The bicycle’s top left. I’m not an AI… you are. Stop hitting yourself
Written in Python and powered by the Caffe2 deep learning framework, the codebase – which implements object-sniffing algos such as Mask R-CNN and RetinaNet – is available under the Apache 2.0 licence.
CAPTCHA jokes aside – it’s about more than just identifying what’s in an image. Normally, when we look at a still pic or video, we see multiple overlapping things and calculate their relative distances; relationship to each other; the fact that foreground and background objects are affected by the focal length of the camera (or the human eye); as well as where one object ends and the other begins. If your training data includes moving pics, you’ll might need to look at relative size, positioning, or partial obstruction from frame to frame. These are some of the problems that ML researchers in the computer vision game – and specifically in object detection – are attempting to solve.

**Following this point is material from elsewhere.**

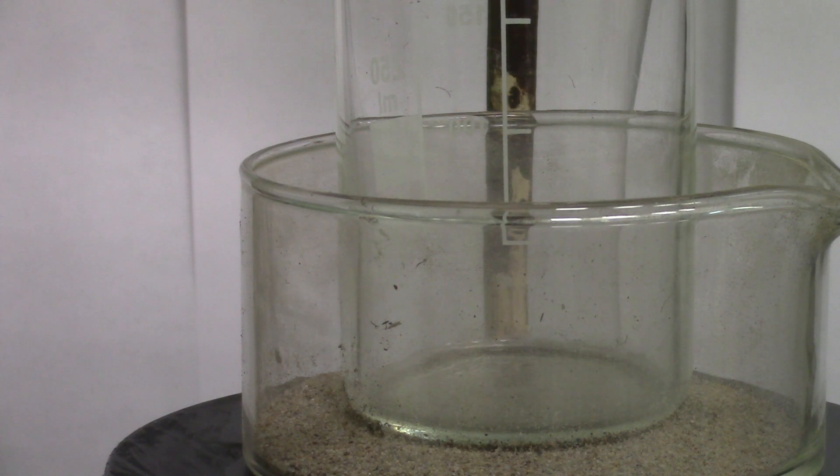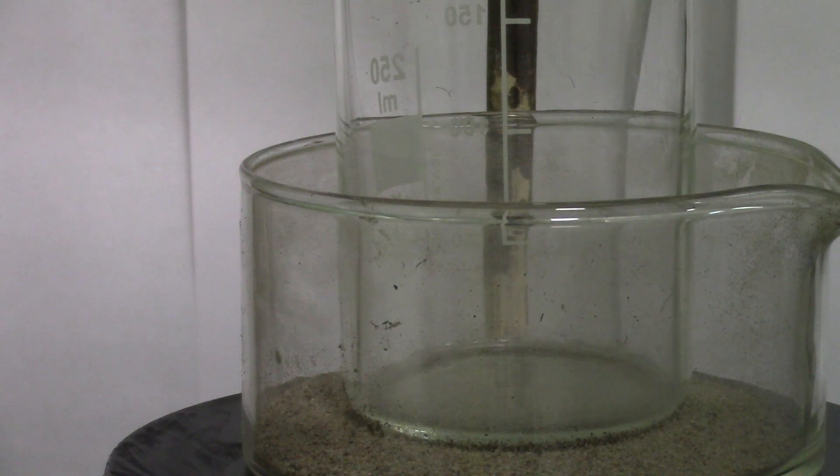First of all, put a beaker on the sandbath. It's essential to provide steady heating and cut off the need for magnetic stirring.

Fbook’s framework includes implementations of algos that can not only detect and classify objects but can also simultaneously generate segmentation masks. Identifying selected regions of images as members of a group helps train a model to identify other objects of said group. Judging by Facebook’s illustration in the blog (depicting a Mask R-CNN output), some researchers are achieving a decent hit rate.
Detectron is the basis for many research projects at Facebook AI research – aka FAIR. The Zuckerborgs said researchers will be able to train models to be deployed in the cloud and on smartmobes and other mobile devices.
We can’t help but picture a future where Zuckerbots and Googleborgs attempt to trick each other’s computer vision while human users arm ourselves with blurry spatulas/chairs/lasers in hopes of fighting off the Machines. ®